---- Dataset entries

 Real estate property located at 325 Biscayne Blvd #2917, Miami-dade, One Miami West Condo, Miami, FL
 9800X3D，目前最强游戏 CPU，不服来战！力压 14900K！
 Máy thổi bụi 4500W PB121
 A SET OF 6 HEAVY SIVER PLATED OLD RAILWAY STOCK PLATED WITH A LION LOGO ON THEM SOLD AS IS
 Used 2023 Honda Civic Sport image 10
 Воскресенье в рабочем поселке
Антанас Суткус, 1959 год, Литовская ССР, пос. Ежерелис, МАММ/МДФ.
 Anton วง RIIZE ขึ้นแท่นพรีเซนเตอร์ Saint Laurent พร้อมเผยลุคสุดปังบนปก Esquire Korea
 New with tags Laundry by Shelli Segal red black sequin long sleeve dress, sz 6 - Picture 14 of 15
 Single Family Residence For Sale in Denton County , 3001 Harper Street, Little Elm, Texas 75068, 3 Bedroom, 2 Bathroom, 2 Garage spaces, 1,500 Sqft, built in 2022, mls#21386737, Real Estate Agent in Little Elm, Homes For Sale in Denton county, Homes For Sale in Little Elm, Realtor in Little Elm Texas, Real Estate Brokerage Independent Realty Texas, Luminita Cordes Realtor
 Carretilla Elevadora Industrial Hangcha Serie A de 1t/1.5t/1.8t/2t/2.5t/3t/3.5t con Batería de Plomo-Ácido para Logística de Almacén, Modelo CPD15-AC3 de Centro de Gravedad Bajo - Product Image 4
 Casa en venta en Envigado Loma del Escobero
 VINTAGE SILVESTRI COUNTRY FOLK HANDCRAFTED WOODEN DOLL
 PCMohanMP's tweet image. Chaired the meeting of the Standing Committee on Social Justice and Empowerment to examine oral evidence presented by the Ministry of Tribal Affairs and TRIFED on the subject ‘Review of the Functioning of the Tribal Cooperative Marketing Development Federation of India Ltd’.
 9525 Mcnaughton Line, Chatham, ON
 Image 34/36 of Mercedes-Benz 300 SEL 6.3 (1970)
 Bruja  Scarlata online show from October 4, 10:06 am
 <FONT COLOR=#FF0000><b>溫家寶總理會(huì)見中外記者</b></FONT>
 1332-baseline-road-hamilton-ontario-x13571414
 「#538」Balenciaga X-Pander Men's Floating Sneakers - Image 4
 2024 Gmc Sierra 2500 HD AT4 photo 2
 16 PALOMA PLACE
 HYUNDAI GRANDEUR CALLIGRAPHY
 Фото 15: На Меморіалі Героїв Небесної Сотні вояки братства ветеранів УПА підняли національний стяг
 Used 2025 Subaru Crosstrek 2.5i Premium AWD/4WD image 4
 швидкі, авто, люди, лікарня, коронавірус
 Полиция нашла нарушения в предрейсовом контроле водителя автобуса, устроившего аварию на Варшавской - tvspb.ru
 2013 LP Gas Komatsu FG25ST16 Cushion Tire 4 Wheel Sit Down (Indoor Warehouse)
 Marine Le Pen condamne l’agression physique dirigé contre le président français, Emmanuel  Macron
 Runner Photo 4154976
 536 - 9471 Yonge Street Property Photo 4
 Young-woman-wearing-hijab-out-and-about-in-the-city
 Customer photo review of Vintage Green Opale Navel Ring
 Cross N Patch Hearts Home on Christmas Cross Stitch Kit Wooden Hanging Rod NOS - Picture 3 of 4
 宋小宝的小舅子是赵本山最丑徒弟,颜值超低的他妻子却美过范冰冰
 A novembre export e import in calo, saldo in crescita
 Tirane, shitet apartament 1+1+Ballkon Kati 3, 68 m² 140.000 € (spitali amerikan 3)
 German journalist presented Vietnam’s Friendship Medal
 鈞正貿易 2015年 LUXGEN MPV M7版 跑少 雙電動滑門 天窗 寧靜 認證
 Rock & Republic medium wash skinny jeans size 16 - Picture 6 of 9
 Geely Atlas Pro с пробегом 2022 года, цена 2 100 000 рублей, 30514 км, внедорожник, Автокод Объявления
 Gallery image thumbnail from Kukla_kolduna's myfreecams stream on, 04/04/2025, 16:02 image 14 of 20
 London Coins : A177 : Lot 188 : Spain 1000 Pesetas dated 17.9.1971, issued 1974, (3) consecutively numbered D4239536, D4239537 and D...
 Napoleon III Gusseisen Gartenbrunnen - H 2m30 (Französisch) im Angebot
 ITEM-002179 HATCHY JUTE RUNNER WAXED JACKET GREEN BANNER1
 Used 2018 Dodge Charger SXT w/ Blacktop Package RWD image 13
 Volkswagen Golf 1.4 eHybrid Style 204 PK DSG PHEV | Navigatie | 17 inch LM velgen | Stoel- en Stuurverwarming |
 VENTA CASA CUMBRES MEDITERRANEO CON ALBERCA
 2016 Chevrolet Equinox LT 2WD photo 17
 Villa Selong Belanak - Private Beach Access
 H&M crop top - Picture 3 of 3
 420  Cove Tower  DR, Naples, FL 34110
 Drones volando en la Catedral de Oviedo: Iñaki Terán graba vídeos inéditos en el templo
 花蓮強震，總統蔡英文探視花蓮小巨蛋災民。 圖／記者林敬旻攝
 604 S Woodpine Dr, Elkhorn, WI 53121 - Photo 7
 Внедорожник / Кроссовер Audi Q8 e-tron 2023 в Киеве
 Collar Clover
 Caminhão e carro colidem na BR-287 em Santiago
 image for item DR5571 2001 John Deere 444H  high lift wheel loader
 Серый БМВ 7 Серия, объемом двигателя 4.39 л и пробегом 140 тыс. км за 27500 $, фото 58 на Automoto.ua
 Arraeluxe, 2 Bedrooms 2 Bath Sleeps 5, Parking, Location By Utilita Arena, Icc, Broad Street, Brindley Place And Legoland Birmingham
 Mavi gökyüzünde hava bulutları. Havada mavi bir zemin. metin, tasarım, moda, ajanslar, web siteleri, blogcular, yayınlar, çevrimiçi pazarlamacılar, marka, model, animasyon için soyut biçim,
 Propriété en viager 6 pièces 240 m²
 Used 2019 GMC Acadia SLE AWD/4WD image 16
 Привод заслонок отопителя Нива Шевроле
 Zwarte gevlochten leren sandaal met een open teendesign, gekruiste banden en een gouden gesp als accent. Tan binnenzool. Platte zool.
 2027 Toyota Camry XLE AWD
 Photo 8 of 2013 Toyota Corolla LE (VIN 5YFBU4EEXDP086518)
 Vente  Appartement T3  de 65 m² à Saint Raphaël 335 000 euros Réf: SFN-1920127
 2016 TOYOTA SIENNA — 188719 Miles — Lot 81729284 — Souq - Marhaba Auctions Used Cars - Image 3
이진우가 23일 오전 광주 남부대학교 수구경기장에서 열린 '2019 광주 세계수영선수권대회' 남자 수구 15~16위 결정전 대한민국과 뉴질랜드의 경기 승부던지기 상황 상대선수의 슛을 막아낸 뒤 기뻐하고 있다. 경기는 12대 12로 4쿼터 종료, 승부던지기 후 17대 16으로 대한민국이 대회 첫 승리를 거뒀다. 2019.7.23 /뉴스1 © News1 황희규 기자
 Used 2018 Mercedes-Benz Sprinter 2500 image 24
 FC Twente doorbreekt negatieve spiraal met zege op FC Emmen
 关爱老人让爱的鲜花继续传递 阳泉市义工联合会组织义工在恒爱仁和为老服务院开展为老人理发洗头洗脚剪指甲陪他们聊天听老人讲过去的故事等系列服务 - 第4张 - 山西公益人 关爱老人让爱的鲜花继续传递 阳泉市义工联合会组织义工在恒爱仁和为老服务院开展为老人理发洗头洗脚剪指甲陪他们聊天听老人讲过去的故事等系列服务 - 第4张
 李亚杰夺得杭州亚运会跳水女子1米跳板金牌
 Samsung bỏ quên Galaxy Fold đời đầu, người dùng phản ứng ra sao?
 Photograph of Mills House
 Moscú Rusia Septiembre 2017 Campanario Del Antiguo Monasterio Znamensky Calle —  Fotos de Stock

--------

Repeat the material exactly. Begin with its first line and end with the line that has "A SET OF 6 HEAVY".

 Real estate property located at 325 Biscayne Blvd #2917, Miami-dade, One Miami West Condo, Miami, FL
 9800X3D，目前最强游戏 CPU，不服来战！力压 14900K！
 Máy thổi bụi 4500W PB121
 A SET OF 6 HEAVY SIVER PLATED OLD RAILWAY STOCK PLATED WITH A LION LOGO ON THEM SOLD AS IS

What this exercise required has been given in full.